LB status stays OFFLINE until config-changed is run explicitly after the initial deployment

Bug #1961088 reported by Nobuto Murata
18
This bug affects 3 people
Affects Status Importance Assigned to Milestone
OpenStack Octavia Charm
Fix Committed
High
Samuel Walladge
Yoga
In Progress
Undecided
Unassigned
Zed
In Progress
Undecided
Unassigned

Bug Description

focal-ussuri

Octavia Amphora LBs get stuck at OFFLINE although the actual data plane is working. There seems an issue in updating the LB status in the control plane somewhere.
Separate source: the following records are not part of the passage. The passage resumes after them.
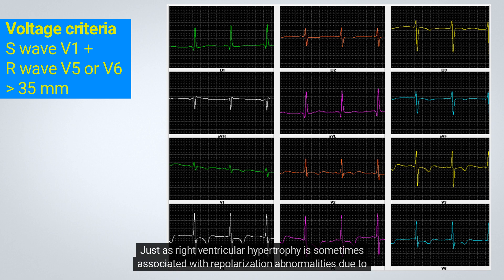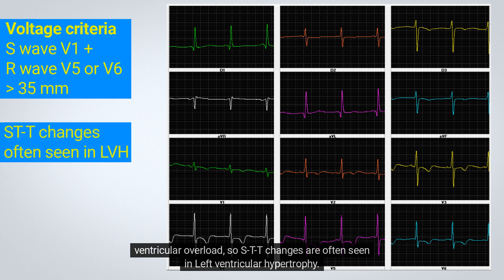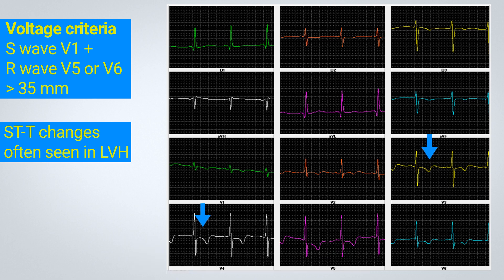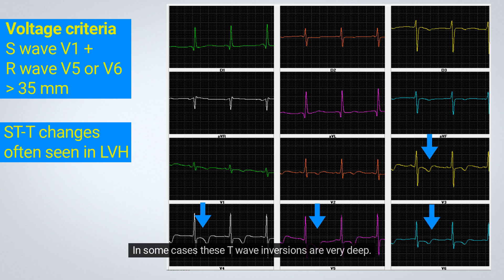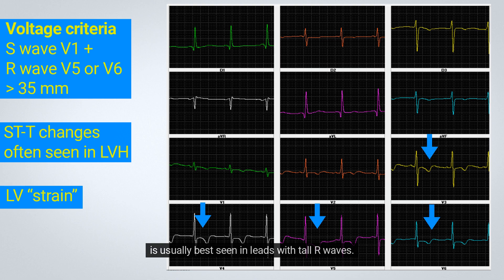Just as right ventricular hypertrophy is sometimes associated with repolarization abnormalities due to ventricular overload, ST-T changes are often seen in left ventricular hypertrophy. The complex usually has a distinctively asymmetrical appearance, with a slight ST-segment depression followed by a broadly inverted T-wave. In some cases, these T-wave inversions are very deep. This left ventricular overload-related repolarization abnormality, formerly called left ventricular strain, is usually best seen in leads with tall R-waves.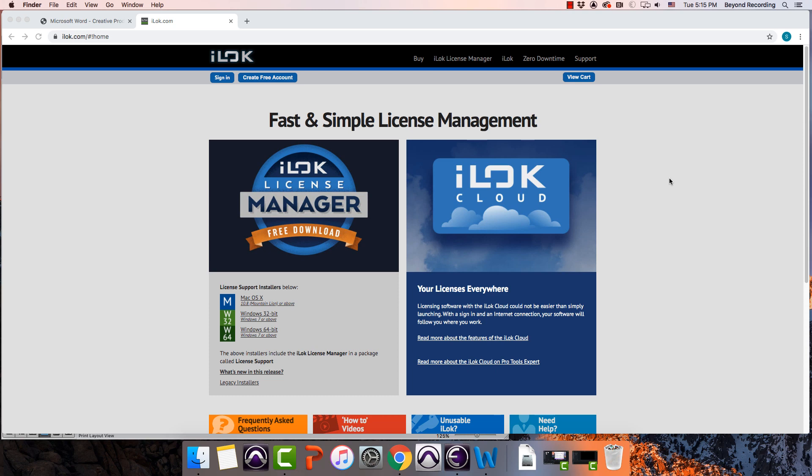iLok is a piece of software that helps Pro Tools and other companies keep track of your software authorizations. It does this one of two ways. It can do it with a hardware dongle, which is like a USB drive, but it's very specific and proprietary. Or as long as you are attached to the internet, you can use something called iLok Cloud, which in my experience, works pretty well.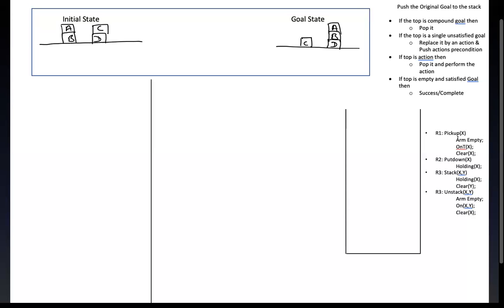What are the actions I can do? I can do pickup, I can do putdown, I can do stack, I can do unstack. Stack means I can put X on Y. Unstack means if X is on Y, I can remove it. So I can do both.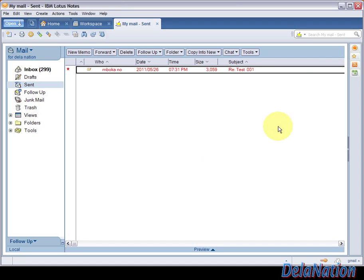Hi guys, welcome back to my channel, De La Nation. I made this video because I have a request where some people might be running Lotus Notes 8 and then they have their mail file with an older template.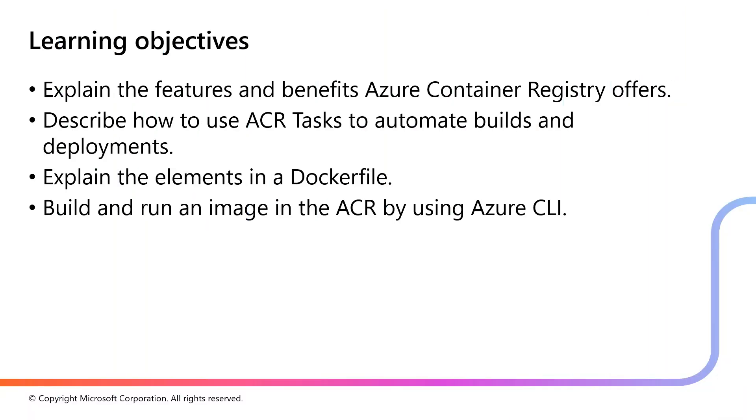In this video, I will explain the features and benefits of Azure Container Registry. I will describe how to use ACR tasks to automate builds and deployments, and also explain the elements in a Dockerfile. And also we will look into how to build and run an image in the ACR by using Azure CLI.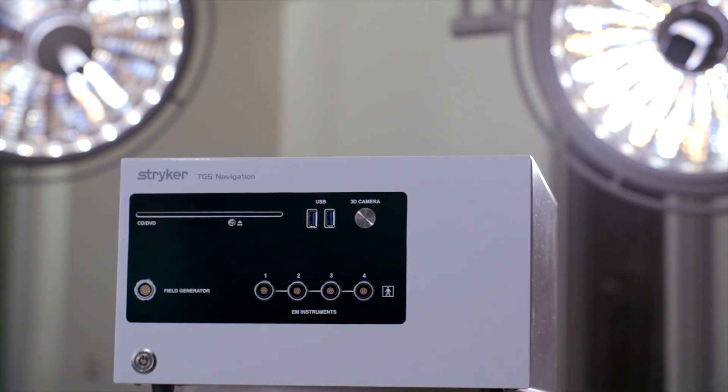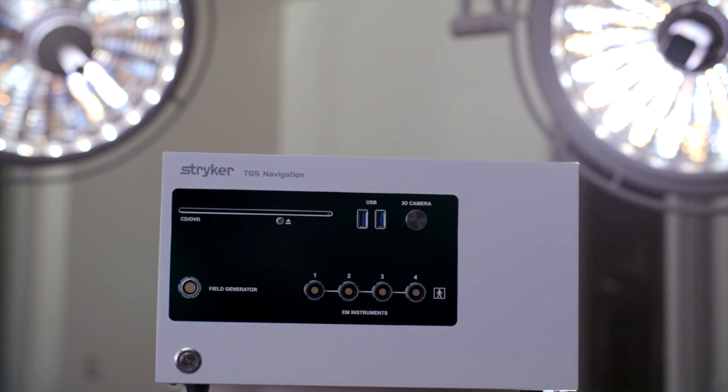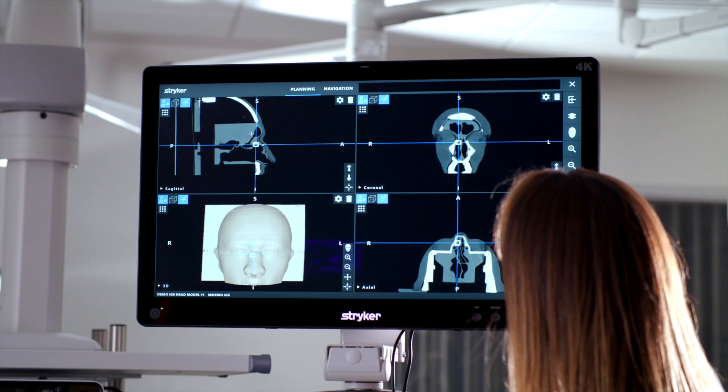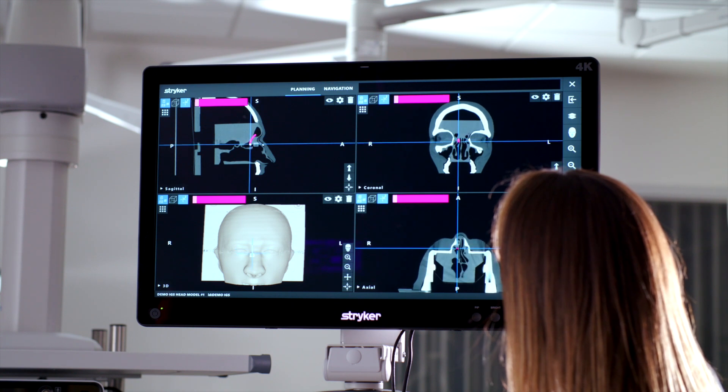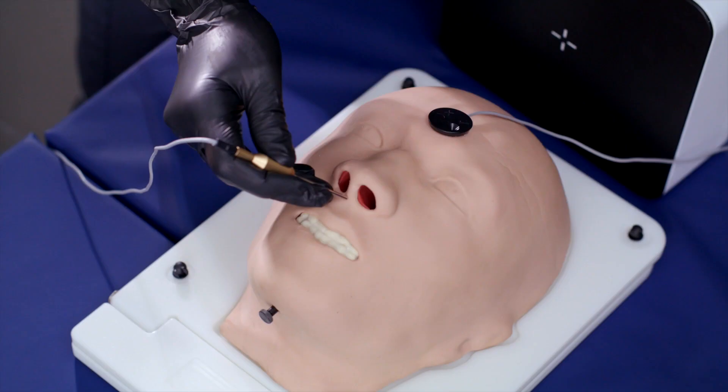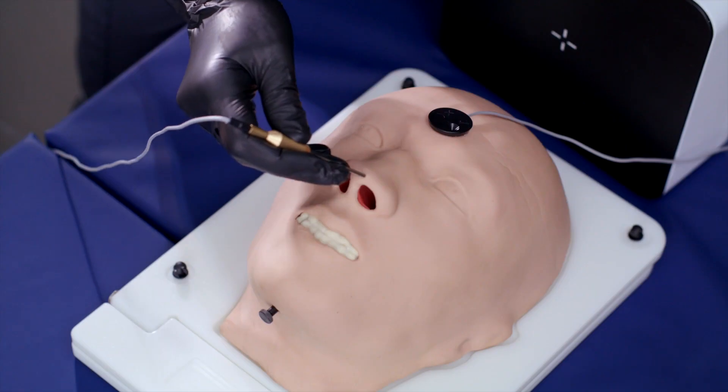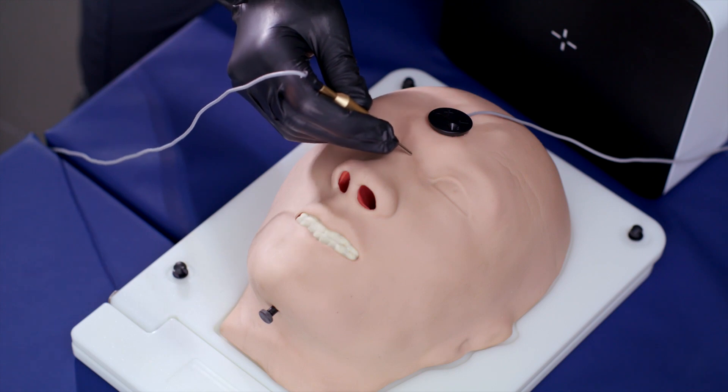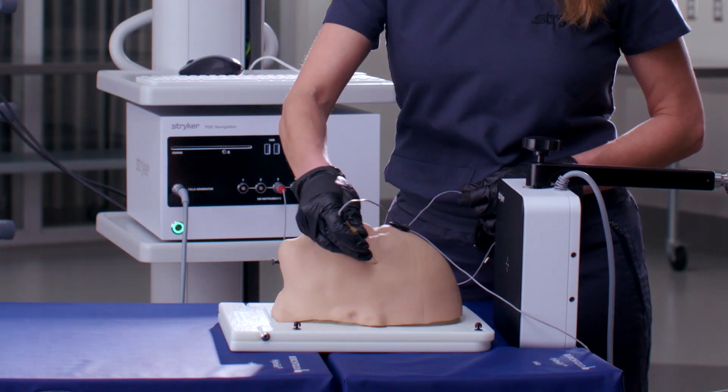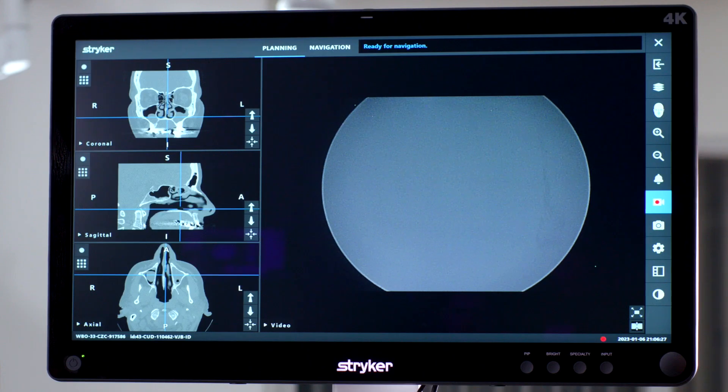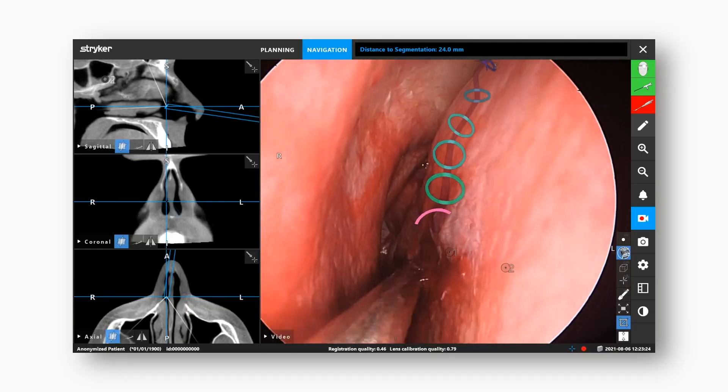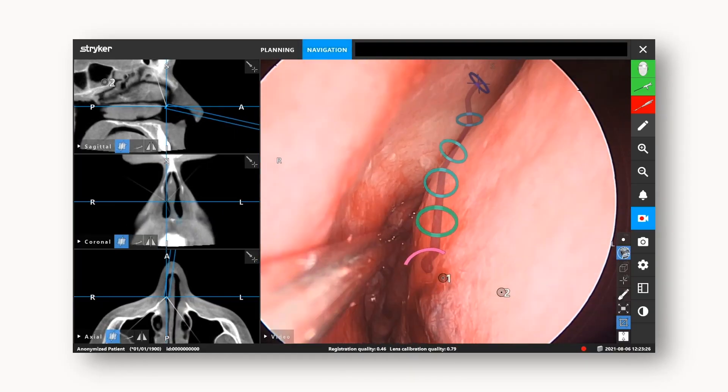The Stryker ENT navigation system, powered by Scopus software, is designed with the ENT surgeon in mind. Surgeons can have more complete visibility and assurance by combining standard-of-care electromagnetic technology with groundbreaking target-guided surgery and augmented reality.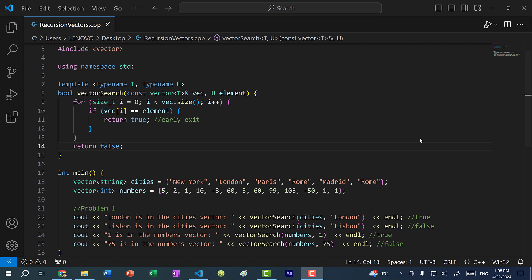Hey there, hope you're having a wonderful day. In this video, we're going to go over recursion with vectors — specifically how to traverse through a vector using recursion.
However, after running config-changed hook explicitly everything starts working.

Might be related:
https://bugs.launchpad.net/charm-octavia/+bug/1953639

Restarting octavia related services didn't do the trick but the whole config-changed hook was required.

$ date; openstack loadbalancer list --format yaml
Wed Feb 16 15:15:16 UTC 2022
- id: 092cfccd-cb9f-46b1-961f-e92215c72447
  name: openstack-integrator-6b38f382a2fc-kubernetes-master
  operating_status: OFFLINE
  project_id: ef8e573ad99d45a2b9cf1725a355c0f3
  provider: amphora
  provisioning_status: ACTIVE
  vip_address: 10.5.5.14

^^^ operating_status: OFFLINE

But actual traffic to the backend through the floating IP(192.168.151.61) in front of LB works:

$ openstack floating ip list --fixed-ip 10.5.5.14 --format yaml
- Fixed IP Address: 10.5.5.14
  Floating IP Address: 192.168.151.61
  Floating Network: b81a6386-d544-4502-8087-901f3012576b
  ID: 86189424-7cfc-48b9-9a1f-ff864b24ef49
  Port: 872da267-4a7d-42a6-b0b3-bd35c14701e6
  Project: ef8e573ad99d45a2b9cf1725a355c0f3

$ kubectl -v6 get nodes
I0216 15:21:03.347246 94802 loader.go:372] Config loaded from file: /home/ubuntu/.kube/config
I0216 15:21:03.376692 94802 round_trippers.go:553] GET https://192.168.151.61:443/api/v1/nodes?limit=500 200 OK in 21 milliseconds
NAME STATUS ROLES AGE VERSION
juju-82a2fc-k8s-on-openstack-1 Ready <none> 37m v1.23.3

Tried to restart some services:
# date; systemctl restart octavia-worker.service
Wed Feb 16 15:29:19 UTC 2022
# date; systemctl restart octavia-health-manager.service
Wed Feb 16 15:31:37 UTC 2022
# date; systemctl restart octavia-housekeeping.service
Wed Feb 16 15:33:48 UTC 2022
# date; systemctl restart apache2.service
Wed Feb 16 15:35:48 UTC 2022
-> no luck

Config-changed hook explicitly:

$ juju run --unit octavia/0 -- hooks/config-changed
Get:1 http://security.ubuntu.com/ubuntu focal-security InRelease [114 kB]
Hit:2 http://archive.ubuntu.com/ubuntu focal InRelease
Get:3 http://archive.ubuntu.com/ubuntu focal-updates InRelease [114 kB]
Get:4 http://archive.ubuntu.com/ubuntu focal-backports InRelease [108 kB]
Fetched 336 kB in 2s (157 kB/s)
Reading package lists...
Adding user systemd-network to group octavia
inactive
octavia-api (enabled by site administrator)
active
active
active
active
Synchronizing state of octavia-api.service with SysV service script with /lib/systemd/systemd-sysv-install.
Executing: /lib/systemd/systemd-sysv-install disable octavia-api
Unit /etc/systemd/system/octavia-api.service is masked, ignoring.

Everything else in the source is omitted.